Honour a volunteer through Treasured Talents

They live among us. They serve on committees, drive kids to camp, and plant flowers in the spring. Sometimes they make crustless cucumber sandwiches. Other times they sponsor refugees.

A new volunteer or volunteer group will be featured each month on the national website.
A new volunteer or volunteer group will be featured each month on the national website.

Volunteers serve in many ways throughout the Anglican Church of Canada and Resources for Mission’s new Treasured Talents program aims to identify and honour these committed people and groups.

Through Treasured Talents, people are invited to nominate an Anglican volunteer or volunteer group for recognition from General Synod. Every month a new story will be featured on the national website. The volunteers will also receive a personal thank you from the Primate, Archbishop Fred Hiltz.

“When I think about generosity I think about the ministry of our church,” said Shannon Cottrell, who runs Treasured Talents as Resources for Mission’s donor relations and volunteer coordinator.

“What we do would not be possible without the people mobile on the ground who make it a reality.”

This month the featured volunteers are the Dennis family of Cobourg, Ont., which has raised close to $10,000 for orphans in Malawi.
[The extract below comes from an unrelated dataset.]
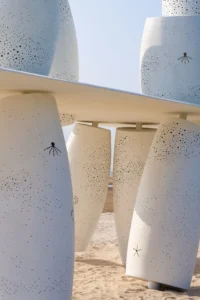 Close view of tilted cylinders pierced with small holes and an octopus shaped opening, Seaside Swing Installation by XBTW OFFICE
Six-year-old Kylie led the charge with her passion for giving other children books. Now the family organizes an annual fundraising dinner and has mobilized many others in their community to give.

Stories big and small, mundane and unusual, are all welcome, said Ms. Cottrell.

The idea for Treasured Talents first came from a brainstorming session in the Resources for Mission Department, which oversees General Synod’s stewardship and fundraising work. The staff wanted to acknowledge Canadian Anglicans who gave not just money, but also time and talent.

Ms. Cottrell latched on to the idea. “I’m someone who loves to say thank you,” she said. In her spare time she produces musicals and plays at a community theatre and estimates that she has written “hundreds” of thank you letters to the volunteers who make the show run-from cast members to lighting assistants.

She hopes Treasured Talents will foster a spirit of generosity throughout the Anglican Church of Canada.

“I just want people know that even if it’s a small thing that they’ve done, that it’s truly appreciated,” she said.

“I really am excited to say thank you to people through Treasured Talents so they know the national office recognizes them as well.